30 Ways to Celebrate 30 Years

of Ordained Women's Ministry

The Executive Council Committee on the Status of Women met in May at the College of Preachers in Washington, D.C., a venue chosen so that the Committee could meet with Maureen Shea and her staff at the Office of Government Relations. It is our belief that women and men need to take an interest in women's issues from a legislative perspective both because legislation directly impacts the quality of women's lives in this country and abroad, and also because it helps us to live out our baptismal vows.

"We found our time with Maureen and her staff extremely helpful to us," the committee reported. "It gave us a sense of being connected to a great cloud of witnesses across this country. We would urge all Episcopalians to become part of the Episcopal Public Policy Network if they are not already involved." They noted that the office can be called at 800-228-0515 for further information.

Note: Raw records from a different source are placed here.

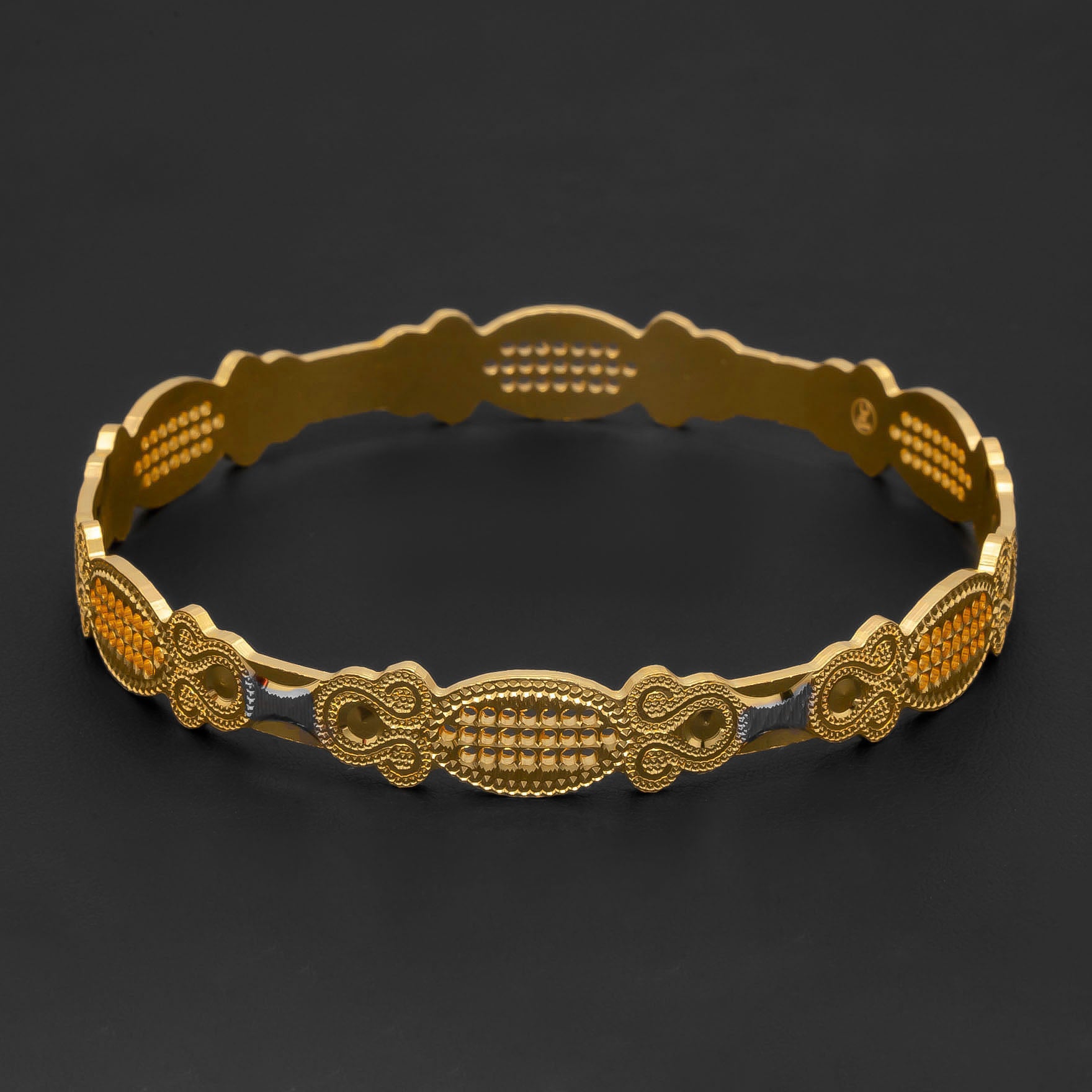 RHODIUM BANGLE PRGB256-091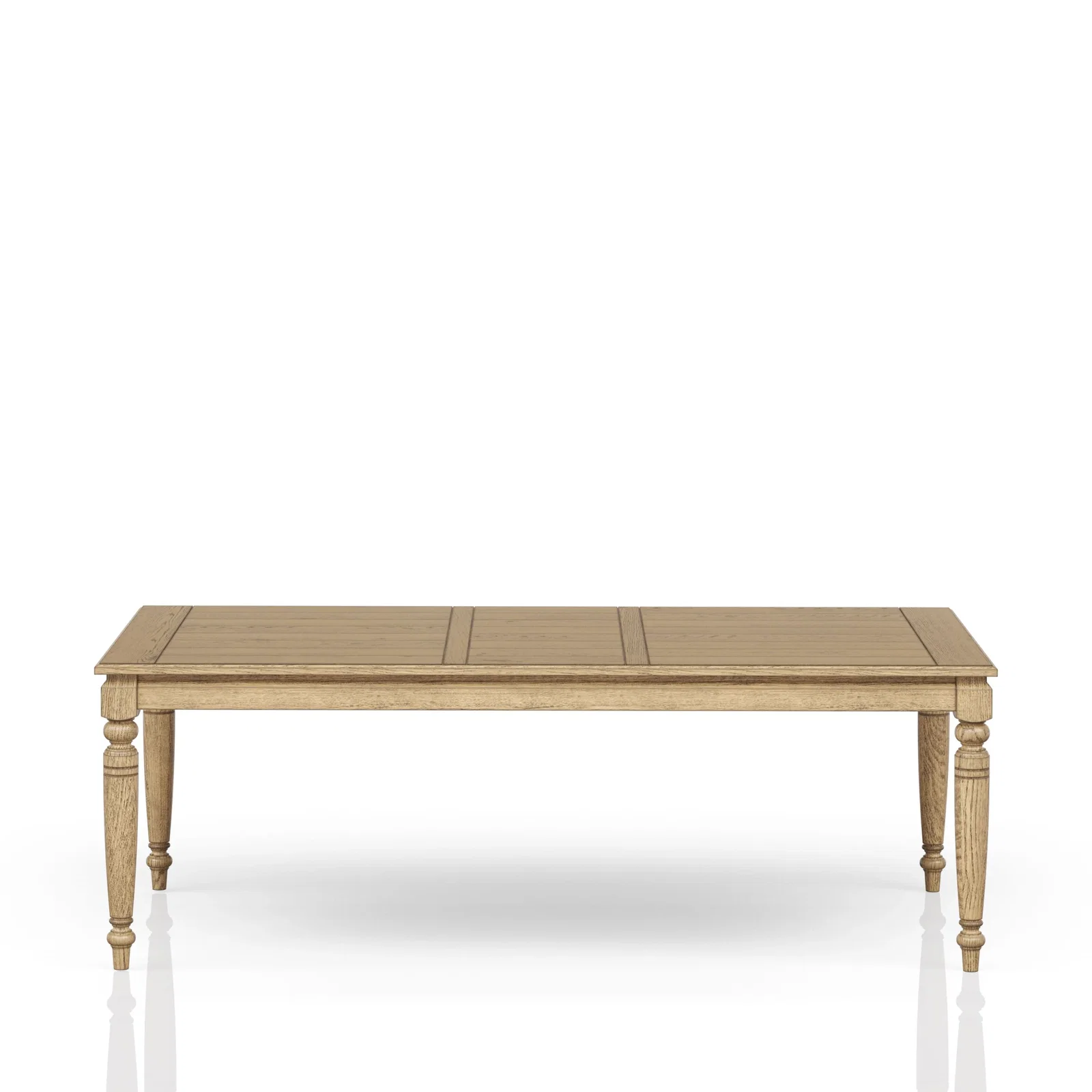 Image of Fordham Turned Leg Wood Extendable Dining Table with Leaf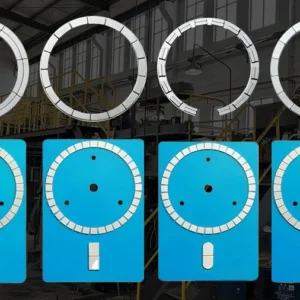 Customized Alnico 5 rod magnets for industrial applications, high-temperature resistant up to 550℃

Other issues and concerns addressed at the meeting included becoming better informed about the views of young people young women and men regarding women's leadership; liturgical language that is both inclusive and expansive; noting that women are not being elected to the office of diocesan bishop and that most dioceses still have thick glass ceilings when it comes to positions of so called cardinal rectorships; concern that the current divisiveness in the Episcopal Church will create more dioceses where women's ordained ministry is not affirmed.

The committee also developed a list of "Thirty Ways to Celebrate Thirty Years of Ordained Women's Ministries" to be used joyfully between July 29, 2004 and September l6, 2006.

More information may be obtained by contacting convener Barbara Schlachter at b.schlachter@mchsi.com.

The 30 Ways

  1. Hold a forum on ordination for the girls in your congregation.

  2. Send a note to a woman priest, deacon, or bishop--or all three--who has influenced your life, and a note of affirmation to a woman in seminary.

  3. Put flowers on the altar one Sunday in thanksgiving for the ministries of ordained women.

  4. Learn the names of the eleven women ordained in Philadelphia and the four ordained in Washington D.C. before the General Convention of 1976.

  5. Send a donation to an organization that supports women's ministries or concerns and memo it in thanksgiving for women's ordained ministries.

  6. Explain to people in your congregation why God is not a boy's name.

  7. Work to make your congregation's language more inclusive and expansive.

  8. Use the hymn Blessed Is She.

  9. Buy a copy of the new hymnal "Voices Found"

  10. for your church. All the words or tunes are written by women.
  11. Have women as the subject for Vacation Bible School.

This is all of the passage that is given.